Existing tools (MLflow, DVC) require you to manually log everything or restructure your code around their framework. Most practitioners don't bother — and lineage is lost.

The Solution

import autolineage.auto  # ← Add this one line. That's it.

import pandas as pd

df = pd.read_csv("housing.csv")           # Tracked: file read, schema captured
df_clean = df.dropna()                      # Tracked: 207 rows removed
df_feat = df_clean.assign(                  # Tracked: 3 columns added
    rooms_per_house=lambda x: x["total_rooms"] / x["households"],
    bedrooms_ratio=lambda x: x["total_bedrooms"] / x["total_rooms"],
    log_income=lambda x: np.log1p(x["median_income"]),
)
df_feat.to_csv("features.csv")             # Tracked: file write, linked to lineage

Every operation is recorded automatically: what changed, how many rows/columns were affected, and the full parent-child chain from source to output.

Sample Output

Running the California Housing demo pipeline produces this lineage automatically:

  AUTOLINEAGE TRACKING SUMMARY
  ============================================================
  DataFrames tracked:    25+
  Transformations:       15+
  Rows filtered:         4,000+
  Column changes:        20+

  Operations breakdown:
    assign                        4x
    filter                        4x
    select_columns                2x
    dropna                        1x
    query                         1x

  COMPLETE DATA LINEAGE
  ============================================================
    1. dropna          [(20640, 10) → (20433, 10)]  rows:20640→20433
    2. query           [(20433, 10) → (20433, 10)]
    3. filter          [(20433, 10) → (16512, 10)]  rows:20433→16512
    4. assign          [(16512, 10) → (16512, 13)]  +cols:['bedrooms_per_room', 'population_per_household', 'rooms_per_household']
    5. assign          [(16512, 13) → (16512, 16)]  +cols:['log_income', 'log_population', 'log_total_rooms']
    6. assign          [(16512, 16) → (16512, 17)]  +cols:['lat_bin']
    7. assign          [(16512, 17) → (16512, 18)]  +cols:['age_category']
    8. select_columns  [(16512, 18) → (16512, 14)]  -cols:['age_category', 'lat_bin', 'median_house_value', 'ocean_proximity']
    9. select_columns  [(16512, 18) → (16512, 1)]
   10. filter          [(16512, 14) → (13255, 14)]  rows:16512→13255  (train split)
   11. filter          [(16512, 14) → (3257, 14)]   rows:16512→3257   (test split)
   12. assign          [(3257, 14) → (3257, 18)]    +cols:['abs_error', 'actual', 'predicted', 'residual']

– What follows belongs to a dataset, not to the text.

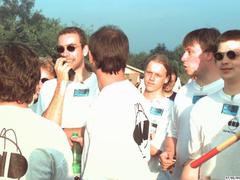 cam7-07.jpg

  File → DataFrame mappings:
    housing.csv              → source DataFrame
    02_cleaned_data.csv      → after dropna + outlier removal
    03_features.csv          → after feature engineering
    04_X_train.csv           → training features
    06_predictions.csv       → model predictions with residuals

Every step is captured: which rows were dropped, which columns were added or removed, and the shape changes at each transformation.

Installation

pip install autolineage

What Gets Tracked

File I/O (automatic)

Library Read Write
pandas read_csv, read_parquet, read_json, read_excel, read_pickle to_csv, to_parquet, to_json, to_excel, to_pickle
numpy load, loadtxt save, savetxt
pickle load dump
joblib load dump

In-Memory Transformations (automatic)

Category Operations Tracked
Cleaning dropna, fillna, drop_duplicates, drop, replace, clip
Selection df[columns], df[mask], query, head, tail, nlargest, nsmallest, sample
Reshaping merge, concat, pivot_table, melt, explode, assign
Transformation rename, astype, sort_values, reset_index, set_index, apply
Aggregation groupby + sum, mean, median, std, count, min, max, agg, apply

For each operation, AutoLineage records:

  • Operation name and parameters
  • Shape before → after
  • Columns added / removed
  • Rows before → after
  • Content fingerprint
  • Parent-child relationships

Performance

Benchmarked across 13 pandas operations at varying dataset sizes (10 runs each):

Dataset Size Avg Overhead Relative Overhead
1,000 rows ~1.1 ms Negligible for interactive work
10,000 rows ~1.3 ms Negligible for batch pipelines
100,000 rows ~4.3 ms ~50% relative
500,000 rows ~12.8 ms ~33% relative

Overhead is dominated by a constant ~1ms per operation for metadata recording. As dataset size grows, the relative cost shrinks because pandas operations themselves take longer.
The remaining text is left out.